民謡のある風景 - 大鎌振るう労働の消えた古里(宮崎県 刈干切り唄)
宮崎は県域の7割以上が山岳部。建国神話で有名な高千穂の峰もここにあります。80代以上の人たちなら多分記憶しているはずの『紀元節祝歌』は、こう歌い出します。
「雲に聳える高千穂の高根おろしに・・・」
宮崎県北西部にある高千穂、熊本県と境を接し、五ケ瀬川の上流に位置します。奥日向と呼ばれる山深い盆地の町は、北に1757mの祖母山、南に1739mの国見岳に挟まれ、昔は、秋になると、この辺り一帯でササや丈なすカヤを刈る光景が見られました。

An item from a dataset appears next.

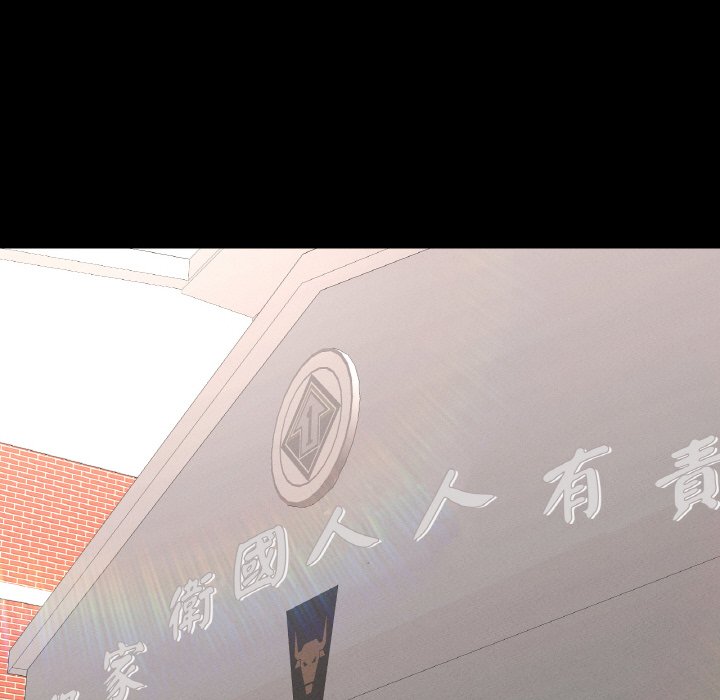 51P - 在学校达咩！/学校母汤黑白来！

カヤは、勾配の急な山の斜面に生えています。それを刈る鎌は、刃渡りおよそ50cmばかり、柄の長さは1m半ほどもあったといいますから、カヤ刈りはかなりの重労働だったでしょう。カヤは、よく乾かしてから牛馬の飼料にしました。『刈干切り唄』は、このカヤ刈りの際に唄われました。
♪ここの山の 刈干しァすんだヨー
あすは田圃で エー稲刈ろかヨー
昔は「一谷一節」と言われ、谷間ごとに独自の節まわしを響かせていました。同じ奥日向でも、高千穂の唄と五ケ瀬のものでは、テンポが違うといいます。高千穂で唄い継がれた旋律は、哀愁をたたえ、ゆったりとした節まわしで、大鎌を振るう労働を彷彿とさせます。
この唄には、日向地方一帯で唄われている旋律もあります。全国的に知られているのはこちらの方で、昭和40年代の民謡ブームに乗って、たちまちポピュラーになりました。

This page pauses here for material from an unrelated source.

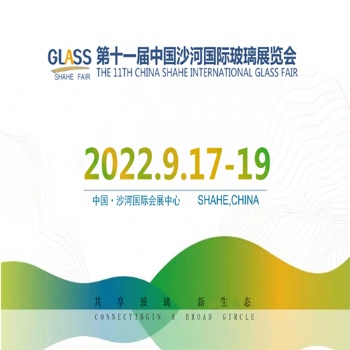 2022年十一屆中國（沙河）玻璃工業技術展覽會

作業唄は座敷唄に変わり、刈干しを飼料としていた牛馬も今は耕耘機に変わってしまいました。地元では、広まった唄の旋律を「うそつき節」といって区別しているそうですが、どちらも既にして、唄の背景を失ってしまいました。
高千穂の峰々は、神話時代そのままの趣で、観光客の姿も絶えませんが、集落の暮らし方は刻々と変わり続け、『刈干切り唄』の古里で、古老のしわは深まるばかりです。